Friday, April 6, 2012

Codependency




I despise the term codependency. This term is often used in marriage counseling towards the target (partner) of an abuser/batterer and she is defined as having excessive emotional or psychological reliance on her batterer. By using this term the therapist shifts the blame for abuse to be shared equally between the 2 partners. Therapists are taught to be a referee; to navigate and keep the lines of communication between the couple open and fair; to help them hear each other’s grievances and respond with understanding and sincerity. Unfortunately that only works with a healthy relationship that is having difficulty communicating. When you are in a relationship with a Narcissistic Personality Disorder and you are asked to share in the blame for your own abuse; you leave therapy not only being labeled as a codependent, but also burdening you with more abuse not only from your abuser, but also from your therapist. Now, once again you are being told that it is you who must change to make the relationship work and isn’t that what your abuser has told you all along?

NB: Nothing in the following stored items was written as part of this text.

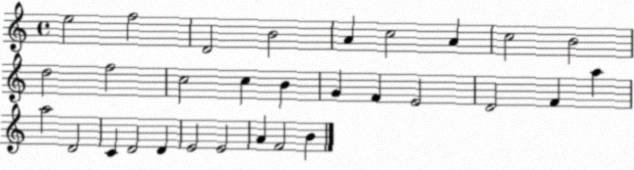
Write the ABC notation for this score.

X:1
T:Untitled
M:4/4
L:1/4
K:C
e2 f2 D2 B2 A c2 A c2 B2 d2 f2 c2 c B G F E2 D2 F a a2 D2 C D2 D E2 E2 A F2 B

Abuse is a choice and you do not share in the responsibility for your abusers choice. This is why Domestic Violence Support Groups never recommend marriage counseling because your batterer will only use it to manipulate the therapist and put the blame on you. The correct label rather than codependency would be Traumatic Bonding or Stockholm’s Syndrome which are much more accurate terms in the attachment to the relationship with a narcissist.





7 comments:

Roberta said...

The victim (codependent)in a relationship is always a 100% responsible for choosing to be with his or her partner. Once they acknowledge their victimization and stay in the relationship they become volunteer martyrs.

Mrs Grimm said...
This comment has been removed by the author.
Anonymous said...

Roberta....codswallop, balderdash, poppycock, stuff and nonsense...all silly words which describe perfectly your uninformed view. Grow up and be INFORMED!

Anonymous said...

'Dr' Roberta is a troll.

Mrs Grimm said...

@Roberta, I have been moved by your comment to read some of your blog posts and whilst you describe the roots of what you term co-dependency accurately, you appear to have no understanding of the effect of domestic abuse, nor empathy for those damaged by it. How do you leave a sociopath or 'abusive narcissist' - isn't that tautologous, by the way? - when you don't realise that is what they are? Or when the abuse is so covert that you don't perceive what is happening to you? Staying in a relationship isn't an active choice under those circumstances, and to call victims 'volunteer martyrs' is outrageous and offensive.

Anonymous said...

A psychologist blaming the victims of abuse for their abuse reminds me of the conference of psychologists I attended about 15 years ago as the parent of children with autism, only to hear that condition being blamed on 'refrigerator mothers', a pejorative and ill-informed term I thought had died out in the 1950s. I felt then that they would not have been so quick to blame mothers if they themselves had children with autistic spectrum disorder. This is a very similar situation. Unless you have first-hand experience of the effects of domestic abuse, blaming the victim for their plight is judgemental and invidious.

TheLongRoadHome said...

To pathologize survivors into the shameless category of "volunteer martyr" is an abomination and obviously spouted from the mouth of someone who lacks actual experience living with a batterer/narcissist personality disorder and does not clearly understand the dynamics of an abusive relationship. There are many factors that keep woman in an abusive situation and it’s not just as simple as leaving. Most women at the point of realizing what they are in have been mocked, berated, belittled, and annihilated as a human being; they often see the world from there abuser’s perspective (traumatic bonding) and it’s difficult for them to perceive a way to escape from there abuser; all key components in Stockholm Syndrome. Some of the other factors that keep a woman in the relationship are financial, fear (physical violence), emotions/feelings, children, etc…. It is an atrocity that you spout this kind of dangerous rhetoric. Batterers do not and cannot change, but survivors do.